The industry term for this is unstructured data, basically anything that isn't kept in a database.

There's more you have to consider as well, you don't want to actually just archive anything older than a year. You want to set a rule that says: "archive anything created more than a year ago that hasn't been accessed in the last 3 months".

Further, there's all sorts of documents like the ones mentioned in the article that should be continuously monitored for and quarantined "passwords.txt" or Word docs with Social Security or Credit Card numbers in them.

Then you can get really sophisticated and start doing heuristic analysis of user behavior, setting alerts when Jim in accounting's account starts accessing marketing plans or when the account activity spikes beyond 5x what their regular usage is tracked at.

Full disclosure: the company I work for - http://www.varonis.com - makes software that does all of these kind of tasks.

Do you see any trend where companies want their data more structured from the beginning?
Easier said than done. I routinely pull up emails from a year and a half ago for reference, and it'd be a giant pain if I had to request access to some sort of secure archive for them.

Maybe it's necessary to move in that direction (and maybe emails stick around only if you've specifically flagged them?), but you're going to have to drag people kicking and screaming into that kind of system. Gmail search has spoiled us.

My proposition: Anything worth referencing later is worth filing properly.
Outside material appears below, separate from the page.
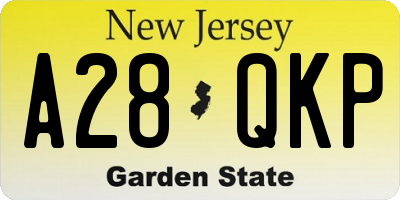 NJ license plate A28QKP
That may mean transcribing instructions into a stand-alone checklist, writing up formal user stories, or the like. However, those acts also clear away a lot of cruft that can otherwise make it nigh-impossible to find the needed info. I've run many a Gmail search, only to find that a valuable email was buried under innumerable "Not quite what I wanted" ones.

For a lot of internal data it's having and using the appropriate systems in the first place. It's like VCS. You don't e-mail someone code anymore. You make a branch or whatever and then reference that in your communication.
You do need a good alternative systems of course. But once those old e-mails isn't around anymore you would have to use the other system to still have access to the data.

I'm not even sure current e-mail systems are such a good tool. I would think chat for internal things and some CRM type system (leveraging e-mail) would be better. But yes as you said, easier said than done.

What you describe is not "easier said than done" - automated email archiving is easily done.

What you describe is "I want less company security, more personal convenience". (As almost everyone wants, almost all the time).

It's not easier said than done because it's technically difficult, it's easier said than done because you have to shove it down users throats and they're not going to be happy about it. And because there's an associated cost to productivity.

Worth it to avoid something like Sony's indecent? Probably. Easy to convince the non-technical decisionmakers of that? I'd bet not.